I have always been an old follower of Utpal Sheth sir and have felt that the depth of his work and knowledge is not something that can be grasped in one go.
I started thinking about the framework of Terminal Value Investing + Adaptable Challengers.
So what do I mean by that?
A company with a business model that is inherently so different that it is very, very hard to replicate, even if you give away all its secrets and business takeaways.
If anybody had done the modeling of such businesses, they would have known that the less capital-intensive the back end of a business is, the higher its terminal value will be. That made me lean toward businesses with lower capital intensity as they scale, leading to unbeatable cumulative value creation. With less capital reinvested and idle cash flows accumulated, shareholder value keeps compounding.
And what does Adaptable Challengers mean? These businesses aren’t market leaders, but they have the agility to shift with trends, giving them a first-mover advantage.
But isn’t this what everybody is looking for? Quite possibly, yes.
So what makes you different from most other investors? Differentiated insights about the business. (Again, borrowing the wording from Utpal sir.)
What is the unique insight you have that makes you stick with a business?
For every buyer (you), there are multiple sellers—that’s how the market works. But what’s the insight that gives you the conviction to stand against the tide without flinching?
Quite honestly, this is where the alpha lies.
As Jeff Bezos says, “Your margin is my business opportunity.” I’d say, “Your disbelief or counter-thesis is my alpha.” The stronger the market’s skepticism, the higher the alpha potential.
Portfolio Construction Based on This Thought Process
Let’s dive into some of the thought processes behind my portfolio construction, based on all three learnings: Terminal Value Investing + Adaptable Challengers + Differentiated Insights.

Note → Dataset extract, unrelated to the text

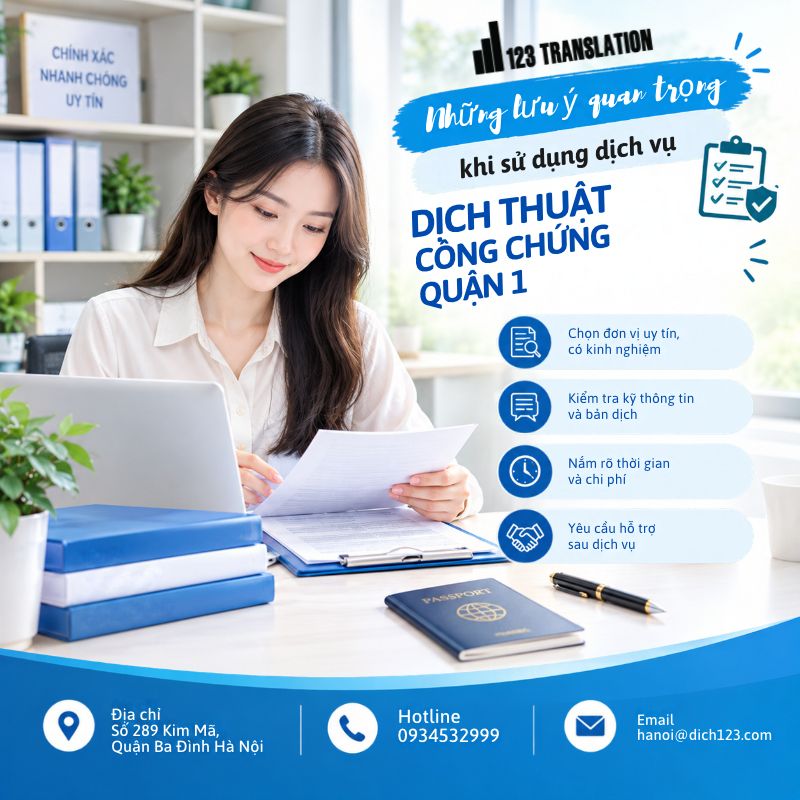 Dịch thuật công chứng Quận 1 uy tín, chuyên nghiệp, hỗ trợ hồ sơ nhanh chóng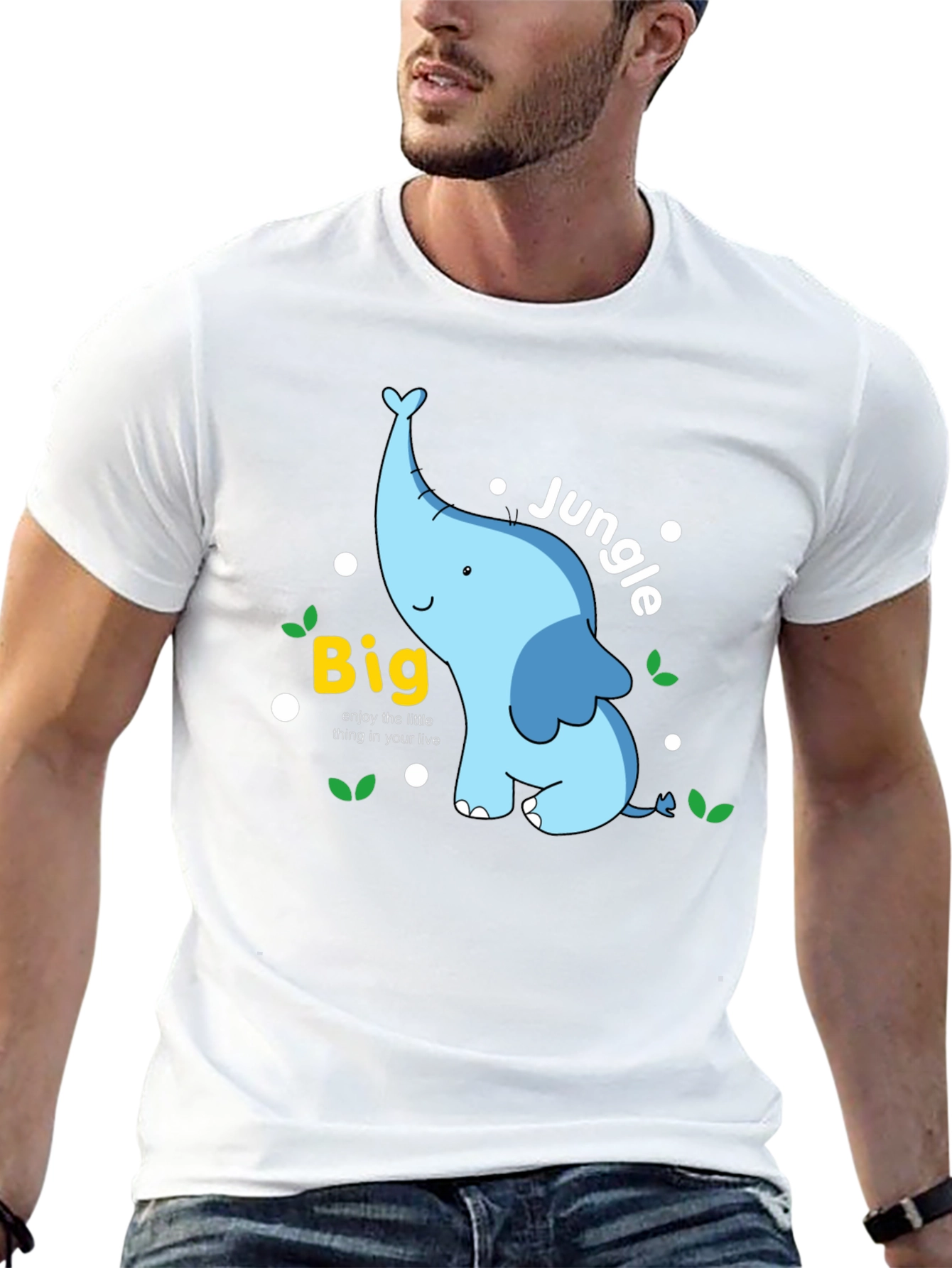 Big Jungle Blue Elephant Graphic T-Shirt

I have always been very intrigued by platform businesses (I own four in my portfolio and am planning to add a fifth). The dynamics of these businesses are different from traditional ones. Unlike manufacturing businesses, where demand is forecasted and supply is developed accordingly, platform businesses develop the supply side first.
For example, take Amazon.
If you were building an e-commerce giant in 1995 amid the tech boom, could you have predicted the total addressable market (TAM) that Amazon has today? Especially considering how much of it comes from AWS rather than e-commerce? Not really.
Even within e-commerce, Amazon started with books—not with a full-fledged product portfolio. Over time, it scaled up to more than 100K SKUs.
One major takeaway from studying such businesses: Supply-side strength is the moat for platform businesses. Building a strong portfolio of supply early on allows these businesses to achieve high Lifetime Value (LTV) to Customer Acquisition Cost (CAC) ratios.
For example, if a business acquires a customer for one service, but over five years sells them five different services, the customer’s lifetime value increases dramatically.
Hence, before onboarding customers, it’s crucial to build the supply side first. Early monetization of some part of this supply can also help cushion cash burn while developing other services.
Again, look at Amazon. While developing its e-commerce platform, it started with books—not a full-fledged product range. Slow monetization of this single category helped reduce cash burn for expanding into other services.
Financially, what makes platform businesses unique?
Most of their costs are fixed—employees, software development, UX/UI, data collection, data interpretation & monetization, and the cost of developing new offerings.
Because a large portion of costs are fixed, scaling becomes highly profitable over time. This aligns with the concept of high terminal value investing—low capital intensity leading to long-term scalability.
Adaptable Challengers: Agility in Market Cycles
This is more of a bottom-up approach, analyzing how a company adapts to changing cycles.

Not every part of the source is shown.